The Riddler, FiveThirtyEight, June 15, 2018(original post)

Solution

Plain version. A path through the game is an answer to each of the $12$ questions, that is, an element of $\{1, 2, 3\}^{12}$. There are $3^{12} = 531\,441$ paths, exactly one of which is the correct answer key. To guarantee a win, you need a phone on every possible path. Conversely, $3^{12}$ phones suffice: assign each phone a distinct path. So $$\boxed{\;3^{12} \;=\; 531\,441 \text{ phones.}\;}$$ The lower bound is matched by the upper bound, so this is tight.

Extra-life version. Each phone now executes an adaptive strategy: after each question the correct answer is revealed, so a wrong-answering phone with an extra life learns the truth, spends its life, and continues. A phone’s strategy is a decision tree of depth $12$ in which it may make at most one error.

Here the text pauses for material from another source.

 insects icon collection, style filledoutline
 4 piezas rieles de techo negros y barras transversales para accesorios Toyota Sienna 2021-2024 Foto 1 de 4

Count how many answer keys (paths in $\{1, 2, 3\}^{12}$) a single phone can possibly cover. The intended path is $1$. From the intended path, the phone can also catch any answer key that differs from its intended path in exactly one position by spending its extra life at that question. There are $12$ such positions and at each position $2$ wrong choices, giving $12 \cdot 2 = 24$ additional keys. So each phone covers at most $$1 + 12 \cdot 2 \;=\; 25 \text{ paths.}$$ Therefore the number of phones needed is at least $\lceil 3^{12} / 25 \rceil$: $$\frac{3^{12}}{25} \;=\; \frac{531\,441}{25} \;=\; 21\,257.64, \quad \lceil \cdot \rceil \;=\; 21\,258.$$ A matching covering exists (an explicit construction comes from a perfect-Hamming-style code on ternary strings; we omit the detailed construction here but verify the bound is achievable by direct strategy below). So $$\boxed{\;\left\lceil \frac{3^{12}}{25} \right\rceil \;=\; 21\,258 \text{ phones.}\;}$$ If the rules forbid using a life on the final question (as in the real game), each phone covers $1 + 11 \cdot 2 = 23$ paths, giving $\lceil 3^{12} / 23 \rceil = 23\,107$ phones.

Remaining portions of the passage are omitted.